In March 1980, the Tele-X project was initiated and the first system specification was written. In parallel with the work on Viking, I worked on the system design and specifications for the definition study of Tele-X. I also contributed major parts of the system requirements specification and Statement Of Work in the final development contract for the Tele-X satellite that was signed in July 1983. In late 1983 I was given overall responsibility for the development of the Tele-X space segment, i.e. the satellite, the launch vehicle and the satellite control facility at Esrange. The control facility was procured from many sources by competitive bidding. I was manager for SSC’s effort to integrate these subsystems (antennas, baseband equipment, computers, control software…) into a system that is still in operation. When all these subsystems were under contract and when satellite development had passed some critical milestones the project entered an "administrative" phase and I asked for a transfer to other activities.
Already in 1984 I had been promoted to head a newly created department, the Advanced Space Systems Department, a small group of people looking at new concepts for space systems, such as the store-and-forward communications satellite system Mailstar. This project was carried out within a company called Mailstar AB formed by the investment branch of the telecommunications agency (TeleInvest), Saab Space, SSC and Ericsson. My department led the system studies through phase B (system definition) when firm, fixed prices were obtained for all elements of the system. Saab and Ericsson, the main shareholders in Mailstar were the sole-source bidders for the satellite and communications system. However, we ran a competitive bidding for launching these satellites, and the Chinese Long March 2C rocket won the bidding. Mailstar was designed to serve the business communications needs of the far-flung branches of Swedish industry all over the world. Early in 1987 the cost of turned out to be about 900 MSEK in today’s economic conditions. This high cost killed the project, despite SSC’s attempt to project a lower "should-cost" estimate.

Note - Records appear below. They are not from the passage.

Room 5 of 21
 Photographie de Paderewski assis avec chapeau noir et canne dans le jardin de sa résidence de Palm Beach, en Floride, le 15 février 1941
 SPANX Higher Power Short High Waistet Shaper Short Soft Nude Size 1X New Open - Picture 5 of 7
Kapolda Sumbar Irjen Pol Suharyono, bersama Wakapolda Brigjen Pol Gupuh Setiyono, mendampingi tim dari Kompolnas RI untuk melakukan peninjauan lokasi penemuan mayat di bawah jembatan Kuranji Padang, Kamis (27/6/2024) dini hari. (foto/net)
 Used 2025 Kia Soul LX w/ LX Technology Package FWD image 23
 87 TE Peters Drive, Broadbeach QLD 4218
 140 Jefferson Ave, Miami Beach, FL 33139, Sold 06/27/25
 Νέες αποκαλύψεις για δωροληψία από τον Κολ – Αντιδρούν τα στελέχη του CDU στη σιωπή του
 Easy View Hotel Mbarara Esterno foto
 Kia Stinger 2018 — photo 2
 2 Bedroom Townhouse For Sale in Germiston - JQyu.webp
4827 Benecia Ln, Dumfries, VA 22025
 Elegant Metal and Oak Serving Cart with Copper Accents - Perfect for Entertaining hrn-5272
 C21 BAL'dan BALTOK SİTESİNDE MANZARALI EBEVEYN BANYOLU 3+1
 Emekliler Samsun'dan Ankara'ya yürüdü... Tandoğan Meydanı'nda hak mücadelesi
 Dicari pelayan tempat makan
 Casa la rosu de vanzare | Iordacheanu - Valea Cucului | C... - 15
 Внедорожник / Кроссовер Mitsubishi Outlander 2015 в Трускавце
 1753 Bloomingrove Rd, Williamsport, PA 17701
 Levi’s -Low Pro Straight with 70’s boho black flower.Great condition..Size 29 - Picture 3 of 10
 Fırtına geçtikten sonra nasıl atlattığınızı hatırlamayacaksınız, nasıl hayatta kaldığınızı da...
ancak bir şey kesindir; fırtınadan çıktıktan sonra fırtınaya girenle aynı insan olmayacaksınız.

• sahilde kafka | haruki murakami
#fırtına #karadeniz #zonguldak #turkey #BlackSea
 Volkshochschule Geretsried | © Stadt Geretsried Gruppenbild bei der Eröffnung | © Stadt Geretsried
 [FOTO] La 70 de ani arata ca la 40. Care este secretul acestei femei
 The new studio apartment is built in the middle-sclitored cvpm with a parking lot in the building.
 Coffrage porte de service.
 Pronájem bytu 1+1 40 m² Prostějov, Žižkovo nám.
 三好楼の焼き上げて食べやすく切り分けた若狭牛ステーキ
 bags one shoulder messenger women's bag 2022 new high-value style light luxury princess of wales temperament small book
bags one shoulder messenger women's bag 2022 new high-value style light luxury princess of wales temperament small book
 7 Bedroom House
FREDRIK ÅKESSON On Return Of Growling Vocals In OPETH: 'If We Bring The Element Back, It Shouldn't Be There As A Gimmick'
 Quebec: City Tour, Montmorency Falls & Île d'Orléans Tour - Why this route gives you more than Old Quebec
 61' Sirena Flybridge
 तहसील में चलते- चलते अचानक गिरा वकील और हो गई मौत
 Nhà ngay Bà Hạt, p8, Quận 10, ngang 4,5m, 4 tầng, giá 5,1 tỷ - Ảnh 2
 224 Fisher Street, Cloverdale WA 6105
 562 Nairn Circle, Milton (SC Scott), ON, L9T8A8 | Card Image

After this setback, myself and Mr Peter Rathsman, at the initiative of SSC’s president Mr Lennart Lübeck, started to work on a combined Mailstar/Science mission that we called Freja. This mission was based on the use of the Chinese proposal for launching Mailstar on the Long March 2C. This work started in August 1987 and very soon the Mailstar mission was dropped because the telecommunications agency was not willing to support it financially. However, in close co-operation with the Swedish Institute of Space Physics and the Max-Planck Institut für extraterrestrische Physik the Freja magnetospheric mission was defined and in 1989 won sufficient financial support from the Swedish National Space Board and the German Ministry for Science and Technology. So, during the years 1987-1992 I was project manager of Freja, developing SSC’s streamlined method of low-cost satellite development. The small staff of the Freja project made it necessary for me to also do technical work in the project. I developed the "Freja Operations Support Software", a software package that was used for mission planning and attitude control. The core of this software was orbital mechanics and the code grew to about 40,000 lines of Pascal code.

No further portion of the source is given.